Il made in Italy è sinonimo di qualità grazie a un insieme di fattori, tra cui il più importante è il prodotto, risultato della trasformazione di ingredienti semplici, ma di elevato livello, integrati attraverso un processo produttivo unico al mondo. Ma non mancano le criticità. Una fra tutte è la frammentarietà delle imprese, in maggioranza (98%) piccole e micro e solo l’1% della totalità con più di 250 dipendenti, che avrebbero necessità di presentarsi sui mercati esteri come un sistema produttivo compatto e portatore di valori unitari. «L’industria alimentare italiana – sottolinea Vincenzo Boccia, presidente di Confindustria – è il secondo settore manifatturiero dopo quello dei macchinari con una proiezione sui mercati internazionali che continua a crescere nonostante le difficoltà congiunturali che stiamo vivendo».
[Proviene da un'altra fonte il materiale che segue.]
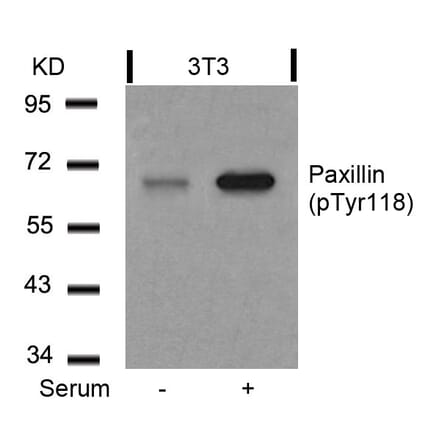 Western blot - Paxillin (Phospho-Tyr118) Antibody from Signalway Antibody (11089) - Antibodies.com
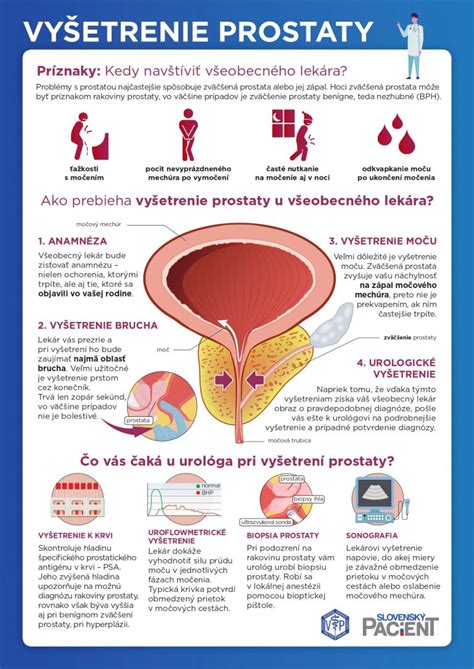 Schéma liečby benígnej hyperplázie prostaty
«Il futuro Parlamento europeo – conclude Paolo De Castro, vice presidente della commissione Agricoltura del Parlamento europeo – dovrà battersi per fornire all’industria alimentare italiana gli strumenti necessari per generare valore aggiunto ai livelli dei suoi concorrenti Ue. I produttori, dal canto loro, dovranno essere capaci di fondare un patto fiduciario con i consumatori, all’insegna della qualità del prodotto e del processo di produzione. Agricoltura, industria e cittadini europei devono muoversi insieme, consci di essere necessari gli uni agli altri».